Formés au club , Enzo Estivals et Lino Lacoste vivent pleinement le beau parcours de l’équipe du GSF.
Promus des juniors la saison dernière, ils ne s’attendaient sans doute pas à vivre un tel exercice. Devenus des éléments importants de l’équipe fanion, ils ont participé à la montée du Groupe Sportif Figeacois en Fédérale 2 et s’apprêtent à disputer un quart de finale du championnat de France face à La Saudrune.
Deux parcours différents, mais une même histoire : celle d’une génération formée au club qui vivent aujourd’hui les grandes heures du rugby figeacois.
Pour Enzo Estivals, arrivé à Figeac en cadets après un passage par Aurillac, la saison a dépassé toutes les espérances. « J’y croyais sans vraiment y croire », confie le trois-quarts centre. Après avoir échoué de peu avec les juniors aux portes du championnat national la saison passée, il découvre cette année le rugby senior dans toute son exigence.

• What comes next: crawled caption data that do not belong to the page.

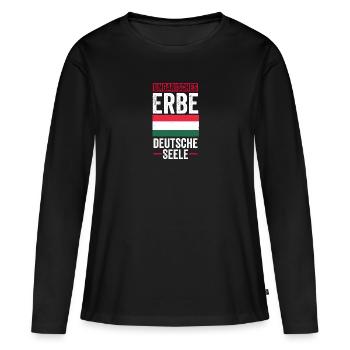 Ungar Ungarisch Deutsch Ungarn - Frauen Premium Bio Langarmshirt - Schwarz - Vorne - Julia (174cm)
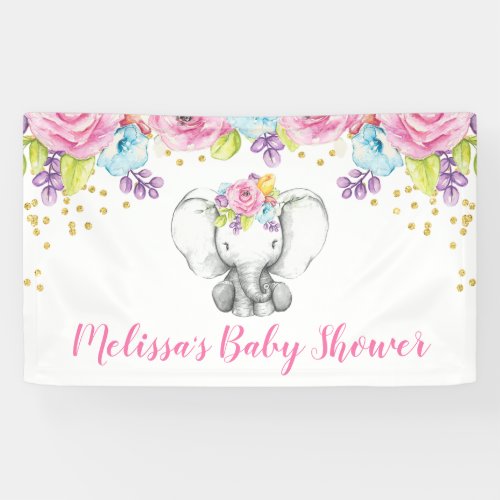 Watercolor Floral Elephant Baby Shower Banner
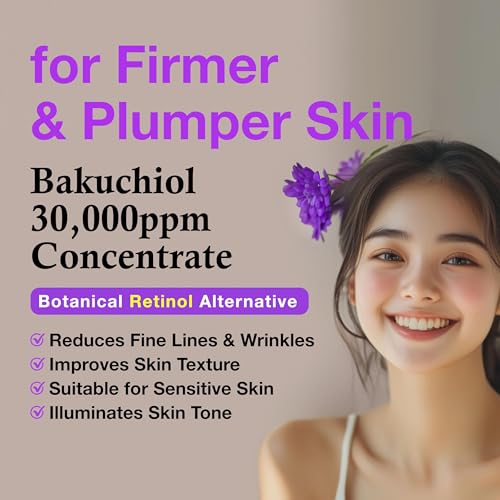 Korean Bakuchiol Concentrate DIY Mix-in Serum 30,000 ppm - High Potency Retinol Alternative | Wrinkle Reduction Skin Firming & Smoothing - Anti-Aging Sensitive Skin Vegan & Cruelty-Free Non-GMO 1 oz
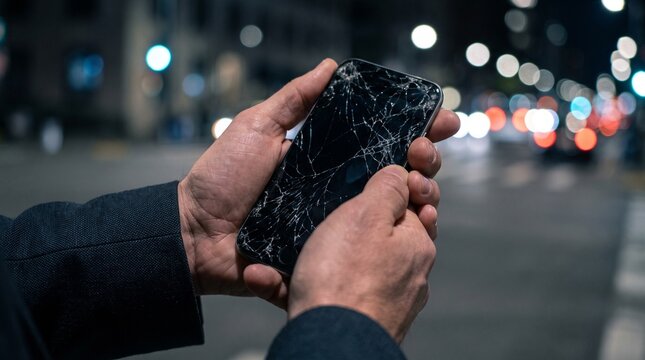 Broken smartphone screen at night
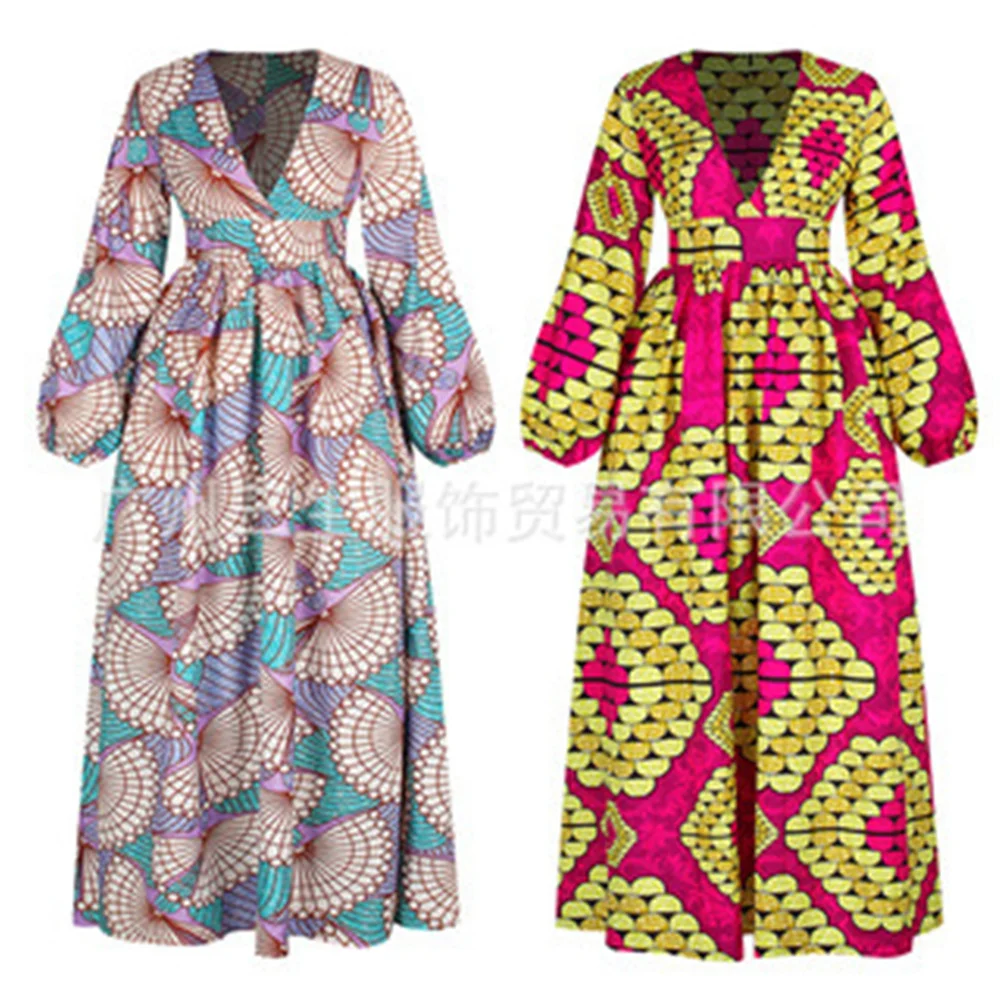 

2021 Summer Sexy National Style Big Swing Dress New Digital Printing Long-sleeved High-waisted Slim Mid-length Dress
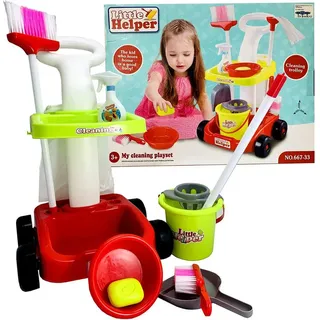 Redfink Kinder-Putzwagen Reinigungswagen Set für Kinder - Spielend Sauber Machen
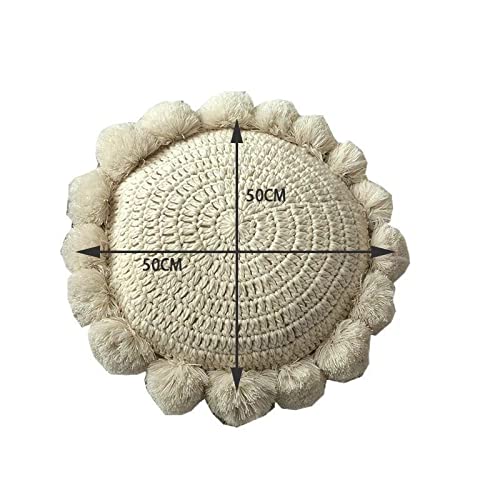 DINGZZ Round Knitted Throw Pillow Orthopedic Pad Tassel Pompoms Cushions Yoga Sofa Thick for Chair Home Decor ( Color : E , Size : 50*50cm )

« Ce qui m’a le plus marqué, c’est la différence de gabarit. En juniors, on fait partie des plus grands. En seniors, on se retrouve face à des joueurs beaucoup plus puissants. Il a aussi fallu gérer le stress des premiers matchs, la peur de décevoir ou de ne pas avoir de seconde chance. »
Très vite pourtant, le jeune centre a trouvé sa place au sein d’un groupe qu’il décrit comme particulièrement uni. « On a construit quelque chose de fort. Peu de monde nous voyait monter en Fédérale 2 et encore moins atteindre les quarts de finale. Aujourd’hui, je pense qu’on est capables d’aller encore plus loin.»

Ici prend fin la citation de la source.